Scott MacKenzie (born 21 February 1972) is a former professional darts player based in Hong Kong. He has represented Hong Kong on numerous occasions (in both steel tip and soft tip darts), including captaining the Hong Kong team at the 2008 Asia Pacific Cup in New Zealand and 2012 team to Australia. He was also a member of the 2010 and 2016 Asia Pacific Cup teams. He has played in a total of 3 PDC World Championships and 3 PDC World Cups currently more than any other Hong Kong darts player.

==Career==
MacKenzie won the PDC Greater China Qualifier, defeating Alex Hon in the final, to qualify for the 2011 PDC World Darts Championship. He became the first player from Hong Kong to qualify for a World Darts Championship. He played Germany's Jyhan Artut in the preliminary round, and missed two darts to win the match before losing 3-4.
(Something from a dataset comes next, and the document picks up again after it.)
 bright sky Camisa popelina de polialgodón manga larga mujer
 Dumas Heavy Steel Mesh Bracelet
MacKenzie qualified for his second successive PDC World Championship in 2012 after defeating Royden Lam in the PDC Greater China Qualifier final. He beat Paul Barham 4-2 in the best of seven legs preliminary round match to make it through to the last 64 for the first time. He played former World quarter-finalist, Wayne Jones, and was beaten 1-3. In the rest of 2012 he lost in the quarter-finals of the Pacific Masters to Tony Carmichael and was also defeated in the semi-finals of the WDF Asia-Pacific Cup and Hong Kong Open. He entered the PDC Qualifying School in an attempt to win a 2-year tour card but could not finish in the top 4 on any of the four days, but finished high enough in the rankings to eventually play in the pro tour events during that year.
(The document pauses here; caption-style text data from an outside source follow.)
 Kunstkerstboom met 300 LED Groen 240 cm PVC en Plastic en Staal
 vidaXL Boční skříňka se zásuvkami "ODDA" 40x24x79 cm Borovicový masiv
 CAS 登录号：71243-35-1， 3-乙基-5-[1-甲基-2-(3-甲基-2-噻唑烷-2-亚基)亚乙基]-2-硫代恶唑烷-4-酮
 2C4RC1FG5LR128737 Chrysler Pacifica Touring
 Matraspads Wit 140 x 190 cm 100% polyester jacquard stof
MacKenzie made his debut in the World Cup of Darts in June 2014 where he represented Hong Kong with Royden Lam, they have played in a total of 3 PDC World Cups together. They defeated Norway 5–2 in the first round in 2014 to face Australia in the second round. Lam lost his singles match against Simon Whitlock, before MacKenzie saw off Paul Nicholson to mean a doubles match was required to settle the tie, which Hong Kong were whitewashed in 4–0.
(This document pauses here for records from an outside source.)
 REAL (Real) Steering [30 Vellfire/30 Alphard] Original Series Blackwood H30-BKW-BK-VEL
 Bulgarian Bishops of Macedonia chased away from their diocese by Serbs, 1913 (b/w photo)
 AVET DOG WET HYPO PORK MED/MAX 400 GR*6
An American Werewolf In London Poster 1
MacKenzie qualified for his 3rd PDC World Championship in 2015 where MacKenzie reached the final of the 2015 World Championship PDPA qualifier and lost 5–2 to Jason Hogg. However, it was enough to earn him a spot in the preliminary round of the event where he raced into a 3–0 lead over Daryl Gurney and missed one dart to win 4–0. Gurney levelled the match at 3–3, before MacKenzie missed a dart at double 11 to complete a 142 finish and was defeated 4–3. MacKenzie and Lam caused a couple of shocks at the World Cup. First they defeated Wales' Mark Webster and Jamie Lewis 5–3. Lam then beat Ireland's William O'Connor 4–1, but MacKenzie missed six match darts against Connie Finnan from 3–0 up to lose 4–3 meaning a doubles match was needed to settle the tie. It went to the final leg in which MacKenzie finished 86 to send Hong Kong into the quarter-finals. However, number two seeds Scotland proved to be too much as Gary Anderson and Peter Wright won both their singles matches 4–2 to eliminate Hong Kong. MacKenzie claimed the 2015 Hong Kong Open by beating Alex Hon. Mackenzie and Lam represented Hong Kong for a third successive time at the PDC World Cup in 2016 where again they played Ireland, a team consisting of William O'Connor and Mick McGowan, and they eventually lost 5–4 in the first round.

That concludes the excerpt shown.